*What the task requires*:
Output only the lines that run from the line holding "SAS Men\'s J-V" to the end of the entries, both ends included, and skip the pictures.

___

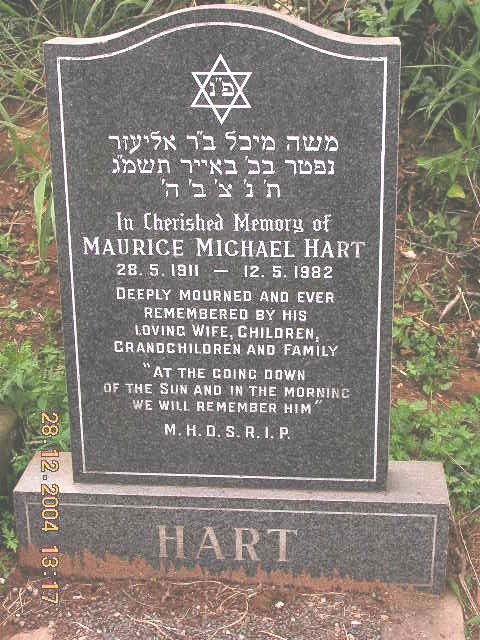 HART Maurice Michael 1911-1982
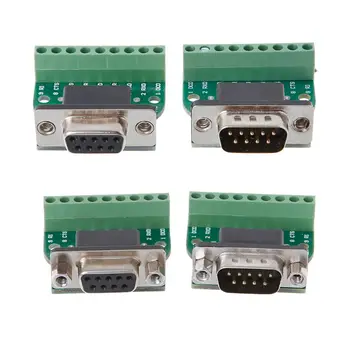 

DB9 Male/Female D-SUB Adapter Plate Connector RS232 Serial To Terminal Board Signal Module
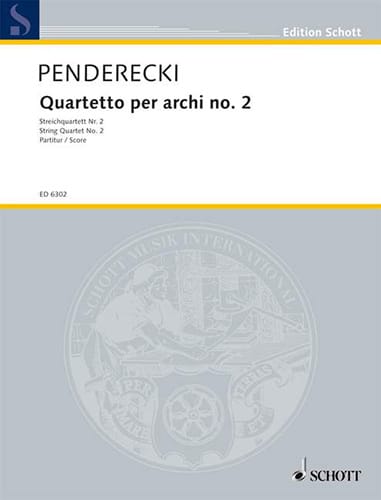 Quartetto per archi n° 2 1968 - Partitur - PENDERECKI - Partition
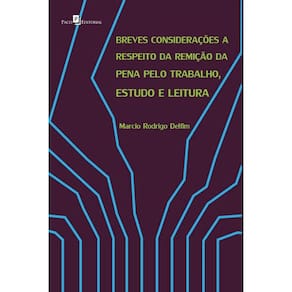 Breves Considerações A Respeito Da Remição Da Pena Pelo Trabalho, Estudo E Leitura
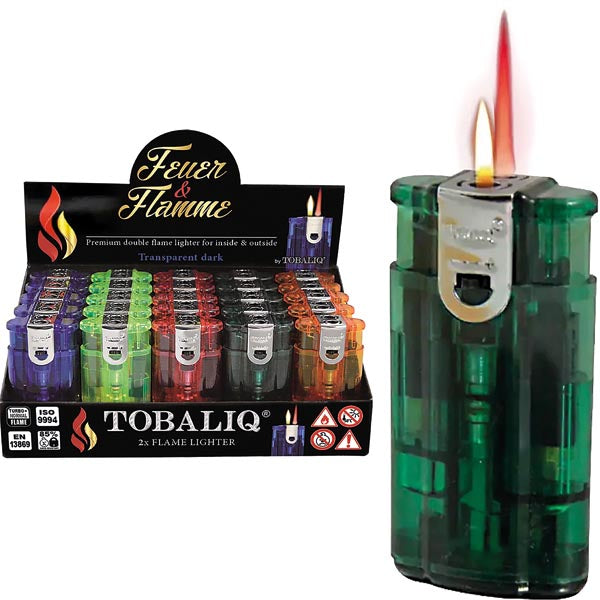 Briquet électrique 2 en 1 Feu et Flamme, distributeur de 25 pièces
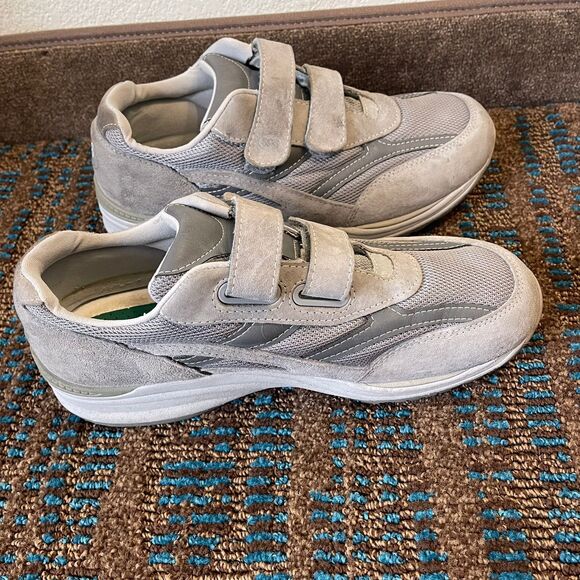 SAS Men\'s J-V Mesh Suede Shoes Grey Tripad Comfort Walking Active Sneakers 10 main image 5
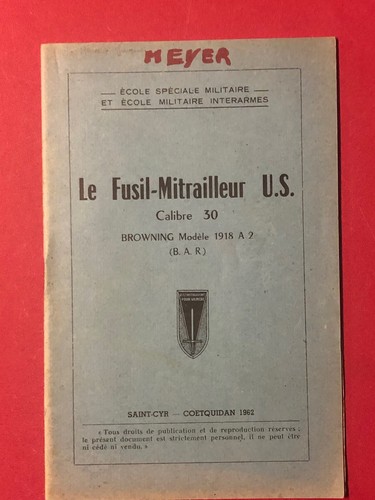 Fusil mitrailleur s - mitrailleur, u.s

___

*Solution for this exercise*:
 SAS Men\'s J-V Mesh Suede Shoes Grey Tripad Comfort Walking Active Sneakers 10 main image 5
 Fusil mitrailleur s - mitrailleur, u.s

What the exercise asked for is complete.